So using the previous reasoning since [6, 7] is a 2-element list, B = [[6, 7]] ... and now we return and use B in the expression of S

S = [[4, 5] | [[6, 7]]] which is the same as [[4, 5], [6, 7]]

Then you can go further for 6-element lists, which will rely on solving the problem for 4-element lists, which will rely on solving the problem for 2-element lists, which will rely on solving the problem for 0-element lists, and for these lists the first Prolog rule provides a straight solution saying that couples([], []). This is the point where all the previous problems will start to get solved, because each of them relied on the next one until [] is reached.

### RE: couples

Sorry, it's difficult for me to explain textually better than I already did. You need to have a basic understanding of recursivity and things should be quite clear, if you don't understand how recursivity works then learning Prolog would be quite difficult since it relies massively on recursivity

### RE: couples

(OP)
Sorry, I am not English and I can't explain it further. I' m talking about the meaning here and in the meaning we use firstly the if clause. That's what I 'm saying.
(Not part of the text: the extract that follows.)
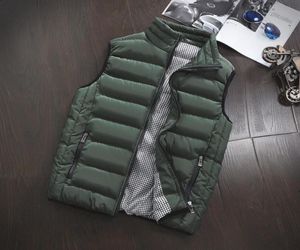 Vest Hommes Nouveau élégant veste de manches à manches chaudes d'hiver élégant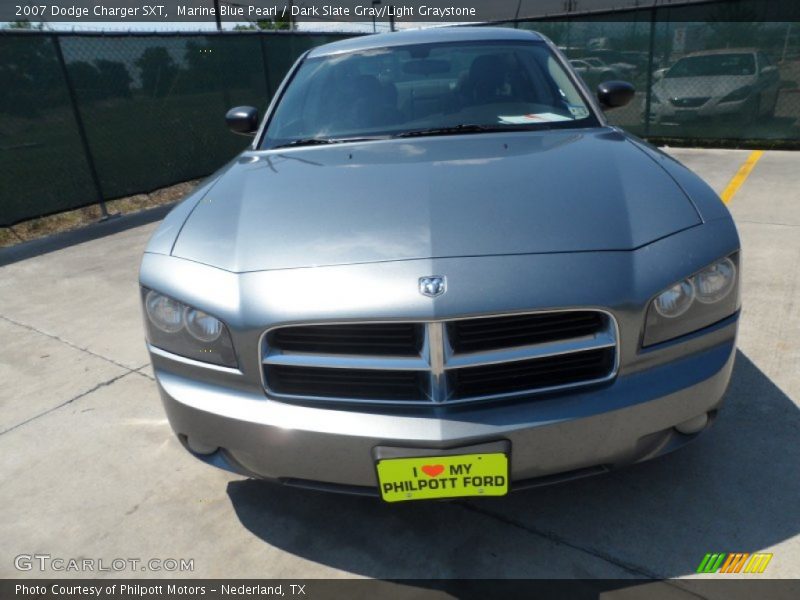 Marine Blue Pearl / Dark Slate Gray/Light Graystone 2007 Dodge Charger SXT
In the Swi- prolog, it is obvious that it happens secondly, not firstly I was wrong.
I didn't understand how B is [[6,7]].

### RE: couples

Ok, I'll try one more time.

Question: couples([6, 7], S).

Second Rule: couples([H, H1 | A], [[H, H1] | B]) :- couples(A, B).

H = 6, H1 = 7, A = [] and the result = [[6, 7] | B]

Now we need to determine B, and for that we need to solve couples(A, B).

But A = [], so it's couples([], B).

This call will also be matched with one of the two 'couples' rules, and only the first one will match

First Rule: couples([], []).
And we have: couples([], B).

So B = [].

Then we return, our complete result is [[6, 7] | B] and we determined B to be []. So the final result is [[6, 7]].

### RE: couples

(OP)
Ok, I understand with two elements. The problem is with four elements, but you don't have to explain it if you don't want to.

### RE: couples

With 4 elements, the problem reduces itself to the problem for 2 elements.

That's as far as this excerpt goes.